As mentioned earlier, we have n = 15 as the total frequency
Half of which is n/2 = 15/2 = 7.5 which rounds to 8

The median is in slot 8
7 items are below the median, and 7 are above it
7+1+7 = 15 items total

Side note: This trick only works if n is odd.

Add the first two frequencies to get: 0+5 = 5
This partial sum is not 8 or larger

Add the first three frequencies: 0+5+2 = 7
This is not 8 or larger

Add the first four frequencies: 0+5+2+1 = 8
We arrive at 8 finally

Therefore, the score of 6 must be the median since that last frequency corresponds to the score of 6.

If you are following @MathLover1's method, then the data set {4, 4, 4, 4, 4, 5, 5, 6, 7, 8, 8, 9, 9, 9, 9} has the median of 6.

It's probably helpful to write on a scratch piece of paper that large set. Then repeatedly cross off the outer pair of items until things narrow down to the center-most number.

This is what the steps could look like. Take note of the color coding to see how the terms pair up and cancel.

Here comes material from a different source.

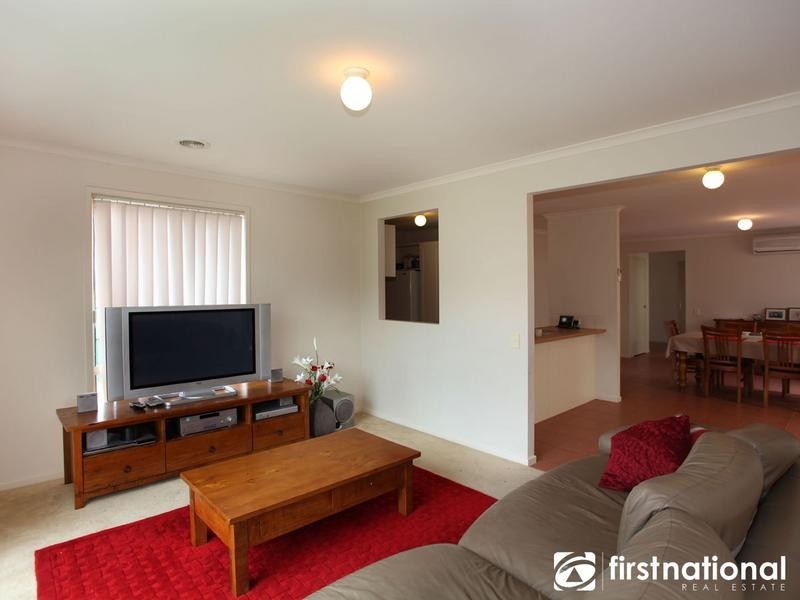 1 Lansbury Drive, Narre Warren South VIC 3805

Or you could have it written out like this
{4, 4, 4, 4, 4, 5, 5, 6, 7, 8, 8, 9, 9, 9, 9}
{4, 4, 4, 4, 5, 5, 6, 7, 8, 8, 9, 9, 9}
{4, 4, 4, 5, 5, 6, 7, 8, 8, 9, 9}
{4, 4, 5, 5, 6, 7, 8, 8, 9}
{4, 5, 5, 6, 7, 8, 8}
{5, 5, 6, 7, 8}
{5, 6, 7}
{6}
At some point, say possibly the second to last or third to last step, the median is probably easy to spot and there's no need to get to the final step shown above.

Or perhaps it's much easier to cancel in batches, like say cross off 2 at a time (at least until it's not possible to cancel in groups of 2 each)

It's up to you decide which method you prefer best.

Like with finding the mean, the long method of finding the median like this isn't too bad as long as the frequencies aren't too large. Luckily having 15 items isn't too bad. If n was larger, then I recommend using the trick involving partial sums to locate the median.